◆ What you need to do ◆
Since only the words are wanted, reproduce every entry exactly and leave the images behind.

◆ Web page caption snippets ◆
--- START ---

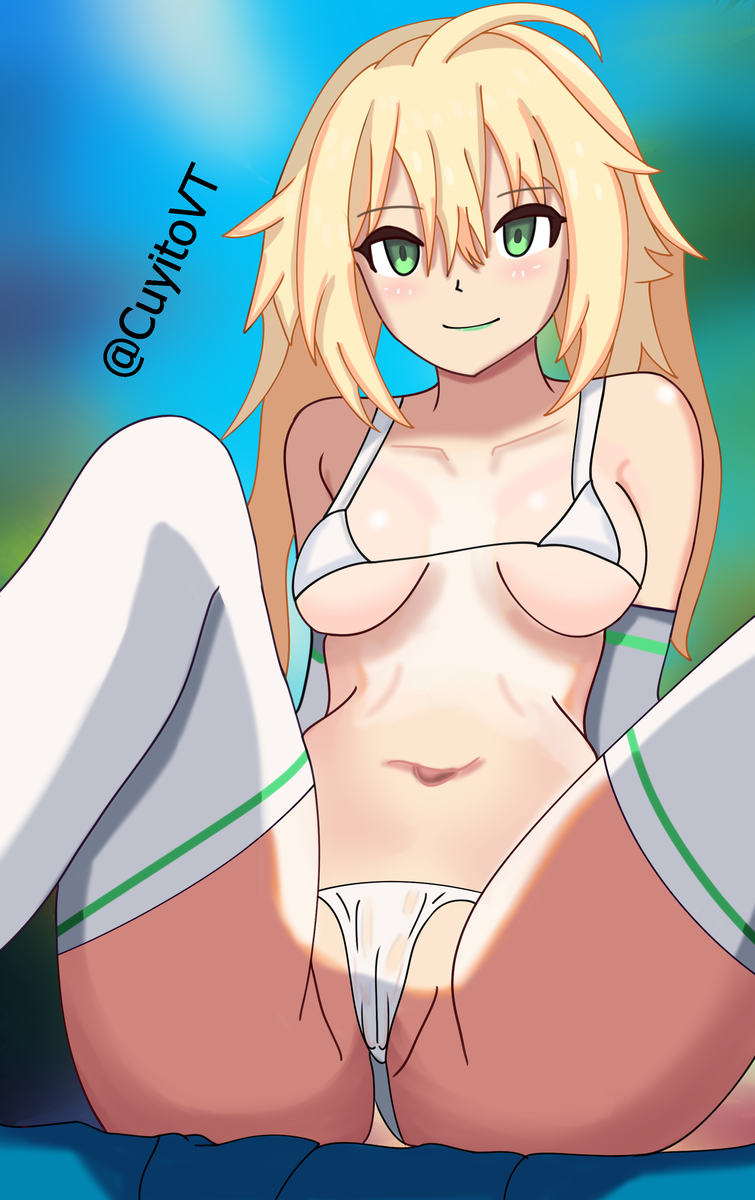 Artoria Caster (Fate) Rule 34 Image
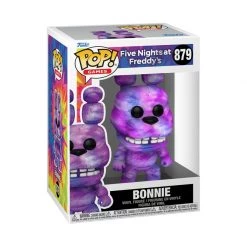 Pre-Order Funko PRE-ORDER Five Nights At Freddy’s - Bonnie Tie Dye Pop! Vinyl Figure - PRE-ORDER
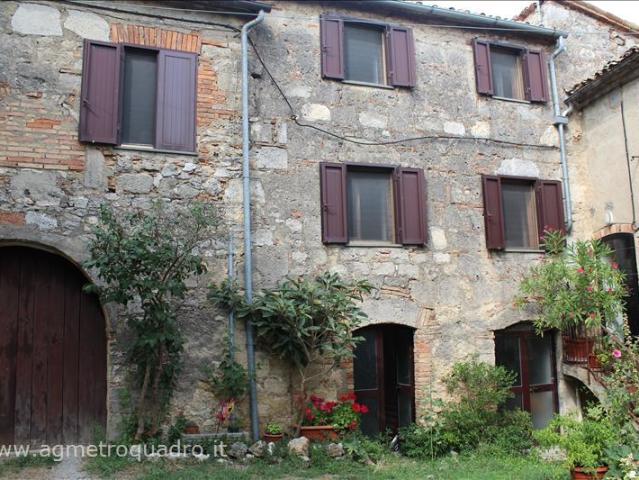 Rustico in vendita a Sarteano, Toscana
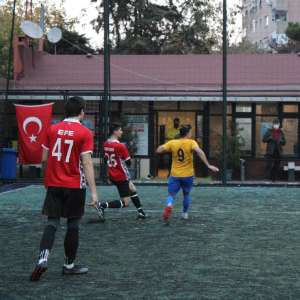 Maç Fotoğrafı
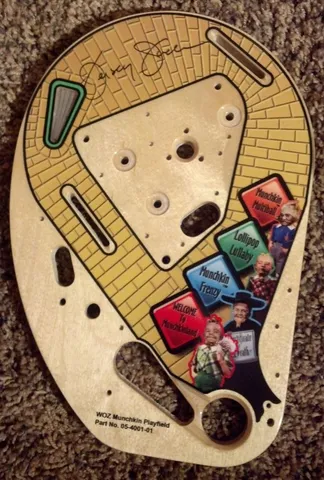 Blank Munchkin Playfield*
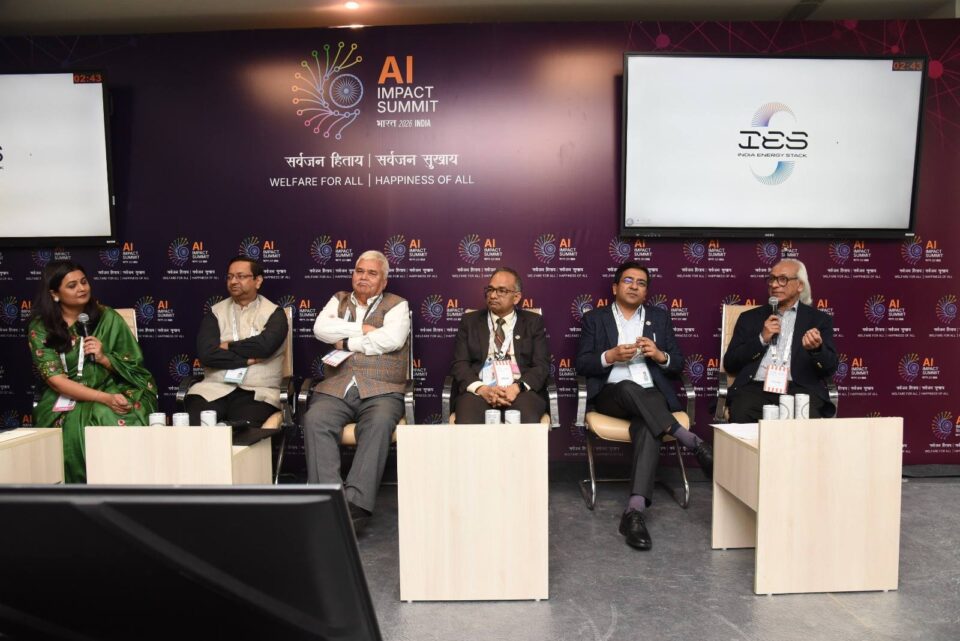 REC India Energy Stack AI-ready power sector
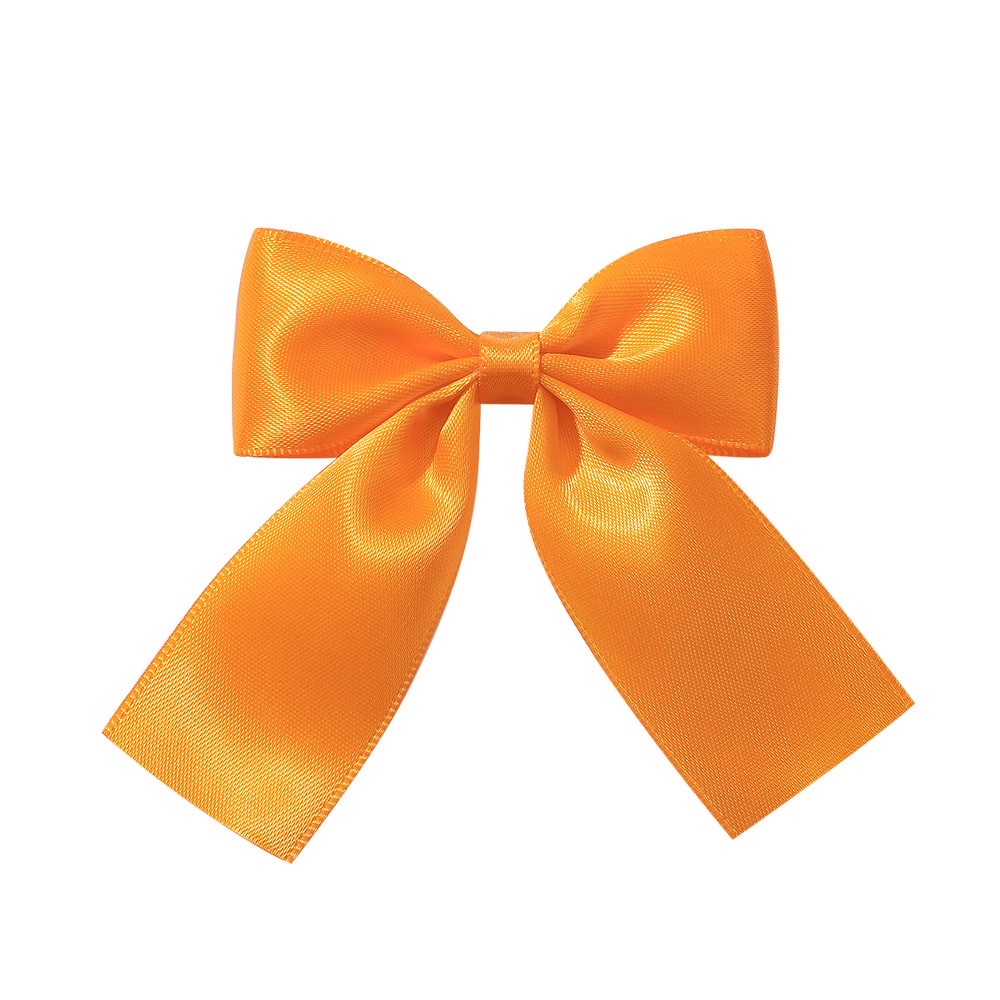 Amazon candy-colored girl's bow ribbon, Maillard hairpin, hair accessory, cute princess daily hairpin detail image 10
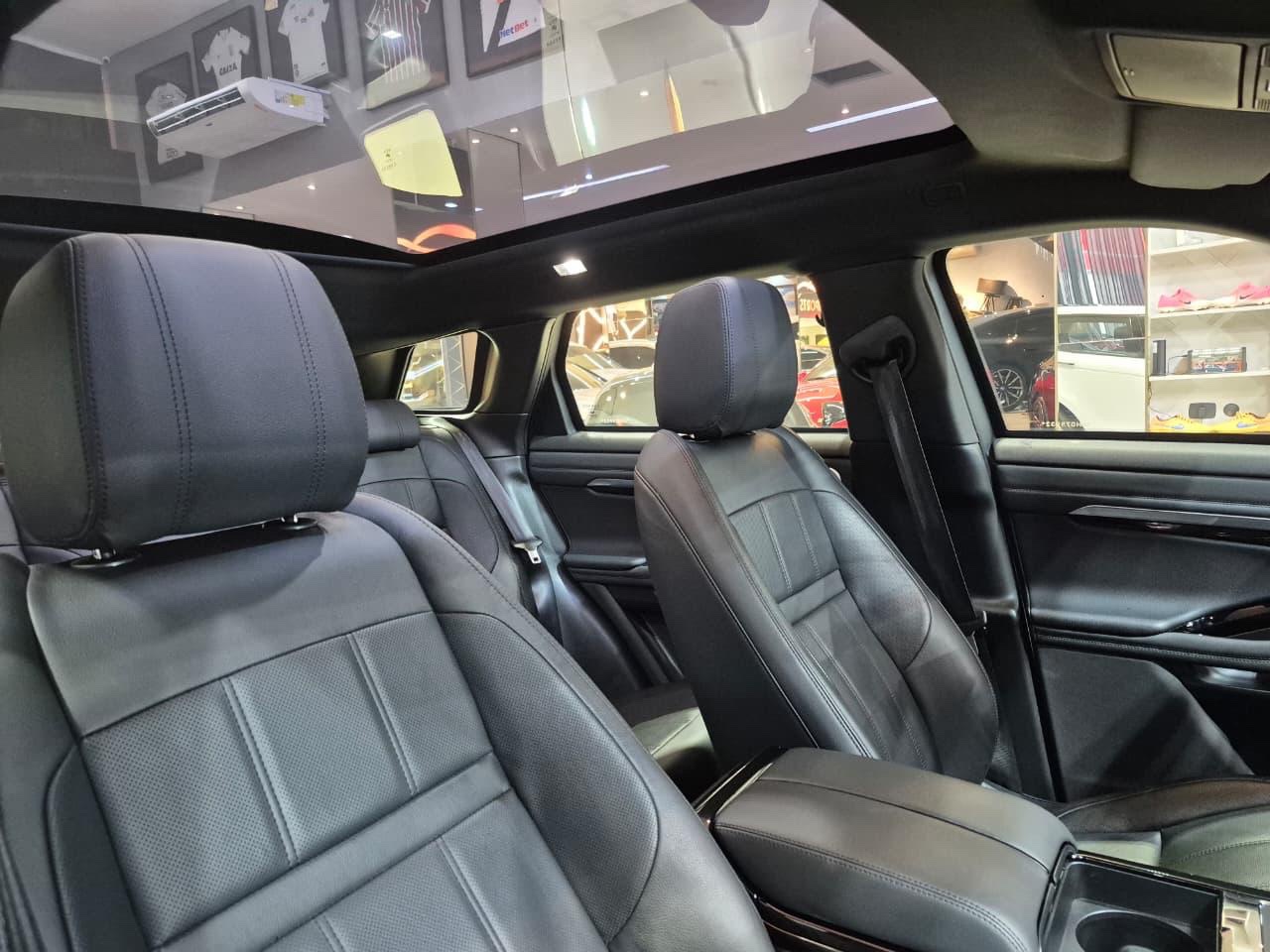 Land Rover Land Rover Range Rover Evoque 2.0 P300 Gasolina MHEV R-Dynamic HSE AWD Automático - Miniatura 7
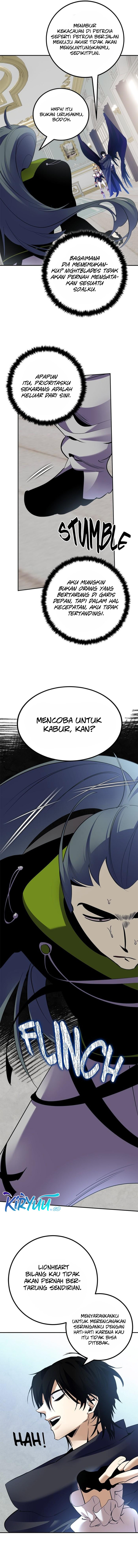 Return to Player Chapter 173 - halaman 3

--- END ---

◆ Answer to the problem ◆
 Artoria Caster (Fate) Rule 34 Image
 Pre-Order Funko PRE-ORDER Five Nights At Freddy’s - Bonnie Tie Dye Pop! Vinyl Figure - PRE-ORDER
 Rustico in vendita a Sarteano, Toscana
 Maç Fotoğrafı
 Blank Munchkin Playfield*
 REC India Energy Stack AI-ready power sector
 Amazon candy-colored girl's bow ribbon, Maillard hairpin, hair accessory, cute princess daily hairpin detail image 10
 Land Rover Land Rover Range Rover Evoque 2.0 P300 Gasolina MHEV R-Dynamic HSE AWD Automático - Miniatura 7
 Return to Player Chapter 173 - halaman 3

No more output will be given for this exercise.